Menteri Luar Negeri Antony Blinken minggu ini menjanjikan kerugian finansial – “langkah-langkah ekonomi berdampak tinggi yang telah kami hindari di masa lalu.” Presiden Joe Biden pada hari Jumat mengatakan AS telah mengembangkan “serangkaian inisiatif paling komprehensif dan bermakna untuk membuatnya sangat, sangat sulit bagi Tuan Putin.”

Iklan

Amerika Serikat selama dekade terakhir telah menerapkan berbagai sanksi terhadap entitas dan individu Rusia, banyak dari mereka atas invasi dan pencaplokan Krimea oleh Rusia dan dukungannya untuk separatis bersenjata di Ukraina timur pada tahun 2014. Sanksi AS juga telah berusaha untuk menghukum Rusia atas campur tangan pemilu, aktivitas siber berbahaya, dan pelanggaran hak asasi manusia.

Sejak 2014, Barat juga telah membantu Ukraina membangun militernya. Jadi sementara Putin menyangkal niat untuk melancarkan serangan, pasukannya akan menghadapi tentara Ukraina yang jauh lebih mampu melakukan perlawanan.

Sanksi yang sekarang dikenakan pada Rusia termasuk pembekuan aset, larangan berbisnis dengan perusahaan AS dan penolakan masuk ke Amerika Serikat. Tetapi dalam upaya untuk menghukum Rusia, Barat selama bertahun-tahun telah membebani hukuman finansial yang lebih besar.

Itu termasuk apa yang disebut opsi nuklir: memblokir Rusia dari sistem pembayaran keuangan SWIFT yang berbasis di Belgia yang memindahkan uang di antara ribuan bank di seluruh dunia.

Iklan

Parlemen Eropa tahun ini menyetujui resolusi tidak mengikat yang menyerukan langkah itu jika Rusia memang menginvasi Ukraina.

Ketika AS berhasil menekan SWIFT untuk memutuskan bank-bank Iran atas program nuklir Iran, negara itu kehilangan hampir setengah dari pendapatan ekspor minyaknya dan sepertiga dari perdagangan luar negerinya, kata Maria Shagina, pakar sanksi dan politik energi yang berafiliasi dengan Carnegie Moscow Center. wadah pemikir.

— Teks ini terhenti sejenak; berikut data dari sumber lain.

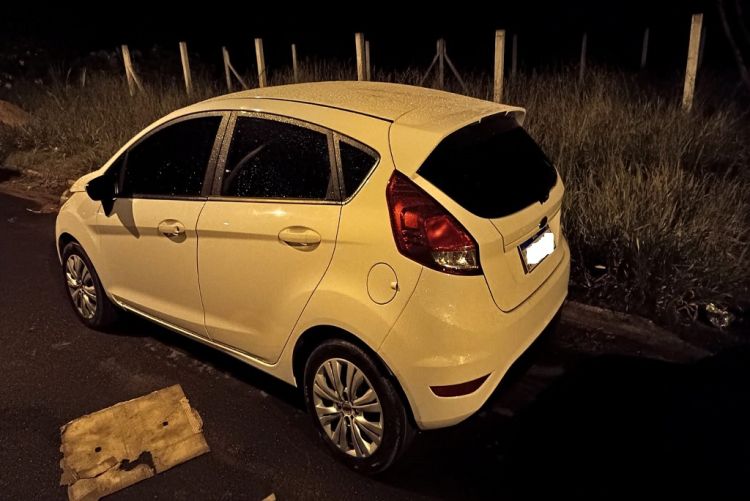 PM localiza veículo roubado no residencial Itatiaia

Dampaknya pada ekonomi Rusia akan “sama menghancurkan,” tulis Shagina. Rusia bergantung pada ekspor minyak dan gas alamnya untuk lebih dari sepertiga pendapatan federalnya, dan bergantung pada SWIFT untuk membuat petrodollar mengalir.

Rusia telah bekerja sejak 2014 untuk melindungi sistem keuangan domestiknya dari pemutusan hubungan semacam itu. Pemotongan SWIFT akan menyebabkan kerugian tidak langsung bagi ekonomi Barat juga.

John Herbst, mantan duta besar AS untuk Ukraina dan diplomat karir, mengatakan pada hari Jumat bahwa dia percaya bahwa sementara “SWIFT tidak keluar dari meja, itu akan menjadi pilihan terakhir.”

Iklan

Pemerintahan Biden awal tahun ini semakin membatasi kemampuan Rusia untuk meminjam uang dengan melarang lembaga keuangan AS membeli obligasi pemerintah Rusia langsung dari lembaga negara. Tapi sanksi tidak menargetkan pasar sekunder, meninggalkan ini sebagai kemungkinan langkah berikutnya.

Alat dan target lain yang mungkin, Herbst mencatat: sanksi keuangan yang menargetkan orang-orang yang dekat dengan Putin dan keluarga mereka; dan lebih banyak sanksi terhadap bank-bank Rusia dan sektor energi vital Rusia.

Hak Cipta 2021 The Associated Press. Seluruh hak cipta. Materi ini tidak boleh dipublikasikan, disiarkan, ditulis ulang, atau didistribusikan ulang tanpa izin.